Linda Funnell: This short book is like a little black cat:  sleek and swift and twisting, an omen of trouble, its eyes full of mysteries from beyond the veil.

Jean Bedford: That’s a lovely image and makes me want to reread the book. But when I finished it I lay awake for some time wondering if I thought it was a minimalist masterpiece or a rather slight piece of gothic pastiche.

LF: It certainly is gothic: the ruined tower where witches gather; the mysterious forests surrounding the equally mysterious Pendle Hill; the wretched dungeon metres below the ground; constant mists; a witches’ sabbat; a cauldron; grave-robbing; mindless cruelty and calculated evil; visions and visitations and plenty of blood.

But it also takes its inspiration from real events: the trial of Lancashire’s Pendle Witches in 1612. And there are cameos of real historical figures: William Shakespeare and the astrologer, mathematician and alchemist John Dee feature, as well as Thomas Potts, the lawyer who transcribed the Lancashire trials for posterity as The Wonderfull Discoverie of Witches in the Countie of Lancashire.

JB: I think the names of the real people tried have been kept, too, but Winterson has fictionalised their lives and relationships. I really liked the way the sprawling interrelated nest of witches from the tower was referred to by the collective noun ‘the Demdyke’.

LF: In her introduction Winterson makes the point that in the 17th century, witchcraft was often conflated with Roman Catholicism, particularly in remote parts of England like Lancashire. Both were illegal and likely to land practitioners in jail or worse.

JB: Idolatry might just as well be devil-worship, after all. And you have to wonder if accusing people of witchcraft wasn’t just an easier way of doing away with suspected Catholics.

LF: It’s worth remembering that back then being a Catholic was considered treason (this all goes back to the days of Henry VIII). And the Gunpowder Plot – when Guy Fawkes and other Catholic plotters tried to blow up the Houses of Parliament with the aim of overthrowing King James and installing his daughter as a Catholic queen in his place – was only seven years before the Pendle witch trials.

In The Daylight Gate, Alice Nutter has the following exchange with the local magistrate, Roger Nowell:

‘If you cannot try me as a witch perhaps you will charge me as a papist. Is that it?’

‘Your family is Catholic,’ said Roger Nowell.

‘And every family in England till King Henry left the Church of Rome. The Church of England is not yet a hundred years old and you wonder that many still follow the old religion?’

‘I do not wonder about that,’ said Roger Nowell. ‘But I wonder about you.’

JB: Nowell is interesting.
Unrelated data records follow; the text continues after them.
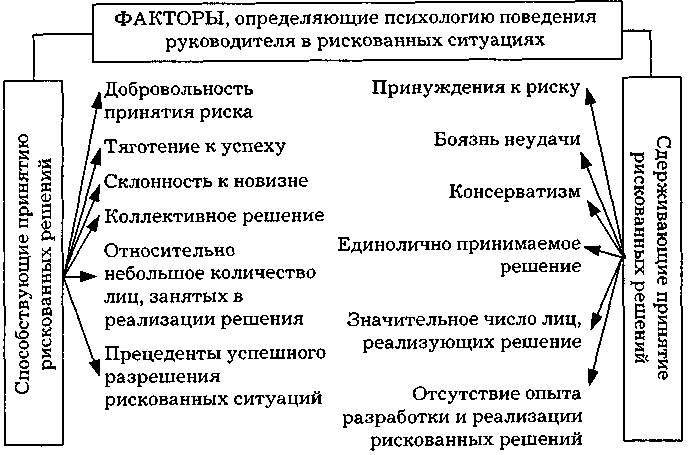 Психика поведение людей. Факторы риска при принятии решений?. Ситуации риска психология. Факторы риска в психологии. Риски в психологии.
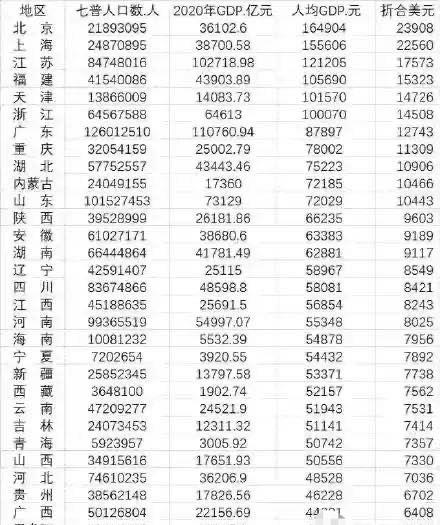 各省市人均gdp:浙江降至第六,湖北中部第一,甘肃最少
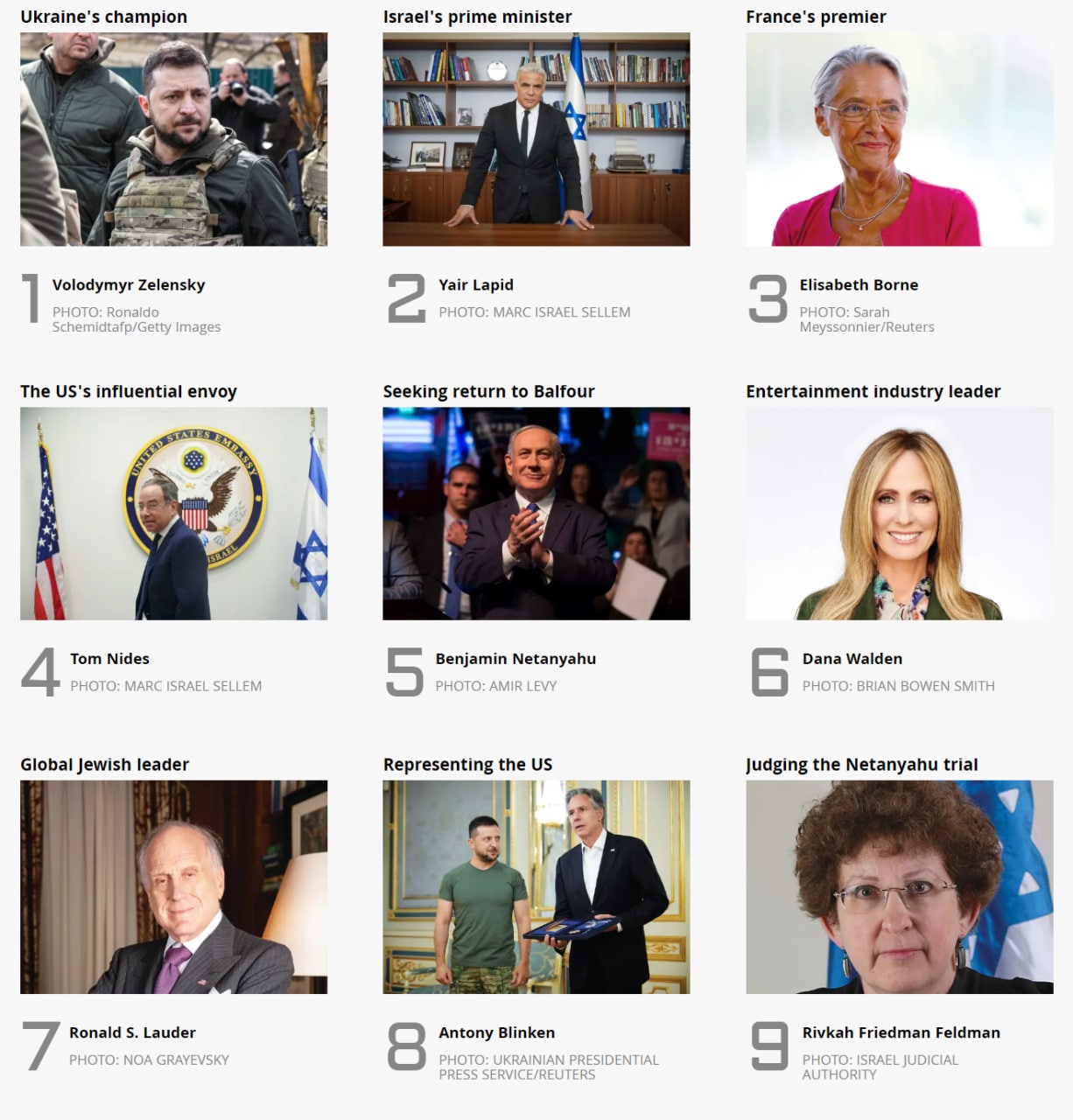 Рейтинг влиятельных евреев года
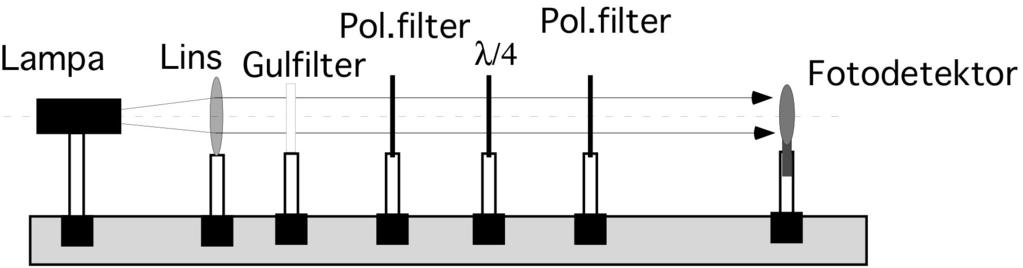 Labuppgift 4 Utrustning: Ljuskälla, Lins, (Gulfilter), Polarisationsfilter, Kvartsvåglängdsplatta, Fotocell Ställ upp experimentet enligt nedan.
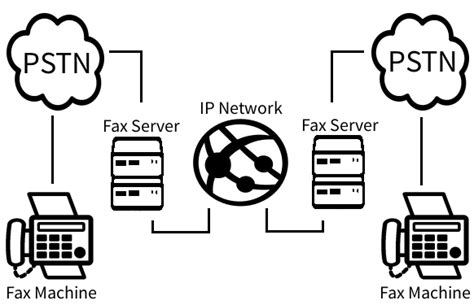 Image result for Explain How a Fax Machine Works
Apart from brief appearances by Dee and Shakespeare, most of the male characters in this book are vile – corrupt, licentious, sadistic, puritanical or paedophilic – except for Nowell and the priest, Christopher Southworth. Nowell isn’t wholly a sympathetic character but he does try to preserve some decency and respect and clearly thinks the whole witch-hunting idea is oppressive and unnecessary.

LF: The character who holds the whole story together is Alice Nutter. Unlike the other accused Pendle witches, who are poor and live on the fringes of society, Alice owns property and is a successful merchant. There is the wonderful detail that she has made her money producing a particularly lustrous magenta dye, which found favour with Elizabeth I. Alice is strong, independent, outspoken, and unnaturally youthful. But her past is complex and she is bound to two people: her lover Elizabeth Southern, consort of the Dark Gentleman, and the Jesuit priest Christopher Southworth.

JB: Yes, Alice is a great character. Enigmatic, but full of integrity and loyal to her friends and lovers. I really liked the gradual revelation of her real relationship with the Demdyke. And it’s interesting the distinction Winterson makes between Alice’s refined alchemical magic and the crude and rather desperate Satanism of the witches.

LF: Well, they were desperate times if you were a woman and didn’t have money or male protection … Lack of power and lack of food are themes through the book.  Winterson is good at the nuances of human degradation; for example, she describes a prisoner gazing upwards at a distant speck of light while: ‘[a] rat runs over her foot and drinks from the indent of her shoe’.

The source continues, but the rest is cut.